→ **Exercise directions**: Would you find each line in the entries below with the string "been" and copy it?

::::::::

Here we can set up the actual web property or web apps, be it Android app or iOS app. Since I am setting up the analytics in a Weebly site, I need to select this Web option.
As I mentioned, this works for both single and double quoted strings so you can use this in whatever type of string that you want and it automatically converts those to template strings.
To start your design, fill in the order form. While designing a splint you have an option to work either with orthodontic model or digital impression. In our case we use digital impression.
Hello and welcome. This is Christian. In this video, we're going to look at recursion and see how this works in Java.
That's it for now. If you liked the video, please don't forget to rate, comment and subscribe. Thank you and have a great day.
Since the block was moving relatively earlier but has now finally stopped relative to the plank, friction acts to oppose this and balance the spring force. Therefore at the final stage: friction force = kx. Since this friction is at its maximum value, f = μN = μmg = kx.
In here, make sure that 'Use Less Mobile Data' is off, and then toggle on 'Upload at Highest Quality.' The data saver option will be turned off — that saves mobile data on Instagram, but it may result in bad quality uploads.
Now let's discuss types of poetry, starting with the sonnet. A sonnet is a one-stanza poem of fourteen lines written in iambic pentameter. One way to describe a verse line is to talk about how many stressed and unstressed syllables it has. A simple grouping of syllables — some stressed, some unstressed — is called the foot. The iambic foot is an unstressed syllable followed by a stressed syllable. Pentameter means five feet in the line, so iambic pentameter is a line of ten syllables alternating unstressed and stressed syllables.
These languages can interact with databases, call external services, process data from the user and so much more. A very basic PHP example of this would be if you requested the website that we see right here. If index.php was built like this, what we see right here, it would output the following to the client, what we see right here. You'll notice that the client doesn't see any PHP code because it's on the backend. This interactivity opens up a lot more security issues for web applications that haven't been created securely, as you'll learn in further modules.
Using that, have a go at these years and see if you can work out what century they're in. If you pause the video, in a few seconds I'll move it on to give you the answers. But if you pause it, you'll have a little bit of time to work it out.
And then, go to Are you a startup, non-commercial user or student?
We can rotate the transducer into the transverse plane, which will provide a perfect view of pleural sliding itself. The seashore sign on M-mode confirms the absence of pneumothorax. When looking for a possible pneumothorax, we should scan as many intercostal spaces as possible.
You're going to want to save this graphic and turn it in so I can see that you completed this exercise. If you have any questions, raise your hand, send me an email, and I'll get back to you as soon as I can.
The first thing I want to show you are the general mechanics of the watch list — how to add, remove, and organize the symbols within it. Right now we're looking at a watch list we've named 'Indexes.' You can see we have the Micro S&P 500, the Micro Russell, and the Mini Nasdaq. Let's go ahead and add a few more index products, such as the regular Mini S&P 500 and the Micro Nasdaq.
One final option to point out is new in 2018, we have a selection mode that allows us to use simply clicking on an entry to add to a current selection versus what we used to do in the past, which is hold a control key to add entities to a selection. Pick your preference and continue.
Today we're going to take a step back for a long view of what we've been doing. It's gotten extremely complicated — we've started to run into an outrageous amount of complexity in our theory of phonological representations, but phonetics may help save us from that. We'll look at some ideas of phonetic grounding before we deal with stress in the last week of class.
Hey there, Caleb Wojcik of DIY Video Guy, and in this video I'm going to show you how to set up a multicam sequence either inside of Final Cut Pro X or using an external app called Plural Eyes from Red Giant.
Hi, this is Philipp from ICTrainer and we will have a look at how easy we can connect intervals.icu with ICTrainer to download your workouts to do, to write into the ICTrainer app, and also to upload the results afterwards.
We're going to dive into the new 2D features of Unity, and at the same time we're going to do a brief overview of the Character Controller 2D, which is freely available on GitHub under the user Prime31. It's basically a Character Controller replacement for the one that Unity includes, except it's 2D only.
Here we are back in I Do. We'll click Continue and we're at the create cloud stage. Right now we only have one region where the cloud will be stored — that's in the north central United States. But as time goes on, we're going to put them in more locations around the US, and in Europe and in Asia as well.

::::::::

→ **Output of the exercise**:
These languages can interact with databases, call external services, process data from the user and so much more. A very basic PHP example of this would be if you requested the website that we see right here. If index.php was built like this, what we see right here, it would output the following to the client, what we see right here. You'll notice that the client doesn't see any PHP code because it's on the backend. This interactivity opens up a lot more security issues for web applications that haven't been created securely, as you'll learn in further modules.
Today we're going to take a step back for a long view of what we've been doing. It's gotten extremely complicated — we've started to run into an outrageous amount of complexity in our theory of phonological representations, but phonetics may help save us from that. We'll look at some ideas of phonetic grounding before we deal with stress in the last week of class.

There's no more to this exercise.